(What you will do):
Each line from the one with "this 459×305 image." through the last line below must be written out exactly. Do not copy pictures.

[Text-to-region grounding data]
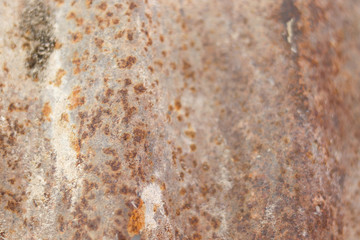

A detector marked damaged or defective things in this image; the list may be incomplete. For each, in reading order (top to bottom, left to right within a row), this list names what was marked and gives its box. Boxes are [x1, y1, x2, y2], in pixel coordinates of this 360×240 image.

orange rust spot [67, 86, 85, 109]
orange rust spot [127, 199, 146, 236]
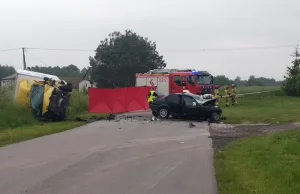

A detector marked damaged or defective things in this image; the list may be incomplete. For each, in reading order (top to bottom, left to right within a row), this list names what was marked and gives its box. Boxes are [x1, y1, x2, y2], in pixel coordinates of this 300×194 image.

overturned car [13, 69, 73, 121]
overturned car [149, 92, 223, 121]
crashed bmw [149, 92, 223, 121]
damaged dark car [151, 92, 224, 121]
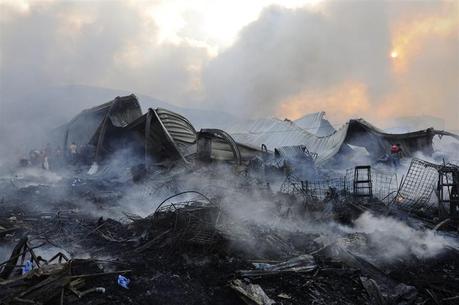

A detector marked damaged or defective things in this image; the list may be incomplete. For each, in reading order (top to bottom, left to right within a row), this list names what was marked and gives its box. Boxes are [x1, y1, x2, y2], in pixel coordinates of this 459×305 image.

burnt debris pile [0, 94, 459, 302]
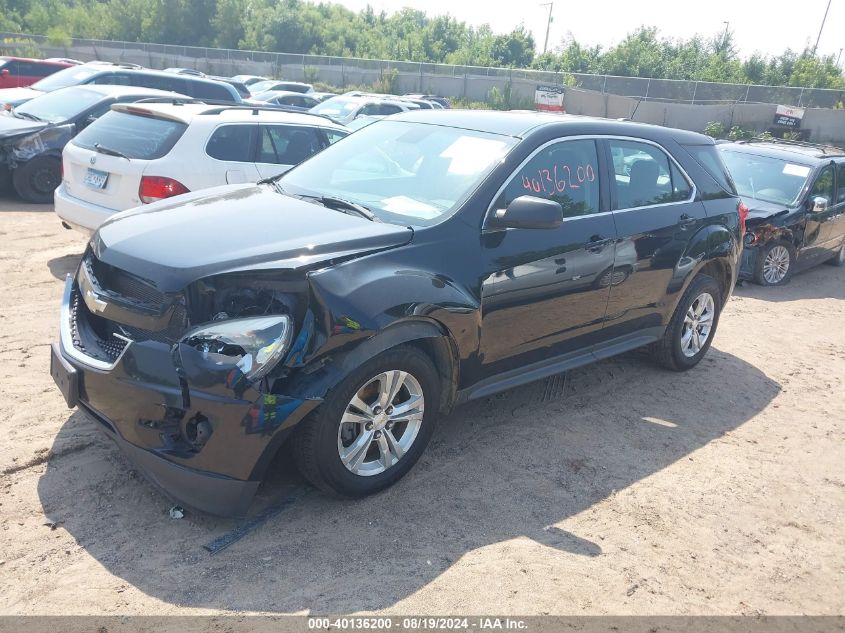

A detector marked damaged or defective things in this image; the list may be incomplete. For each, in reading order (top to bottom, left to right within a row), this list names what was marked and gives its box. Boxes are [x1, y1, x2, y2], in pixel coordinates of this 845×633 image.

(Exercise response):
A detector marked damaged or defective things in this image; the list may be incomplete. For each, in reading order (top to bottom, left to right within a row), this list names what was marked and gives its box. Boxes are [x1, y1, x2, y2], in pixel coordinates of this 459×305 image.

burnt debris pile [0, 94, 459, 302]

A detector marked damaged or defective things in this image; the list may be incomplete. For each, in reading order (top to bottom, left to right within a row), this list names what was marked and gives its box. Boxes are [x1, y1, x2, y2], in pixel coordinates of this 845×633 image.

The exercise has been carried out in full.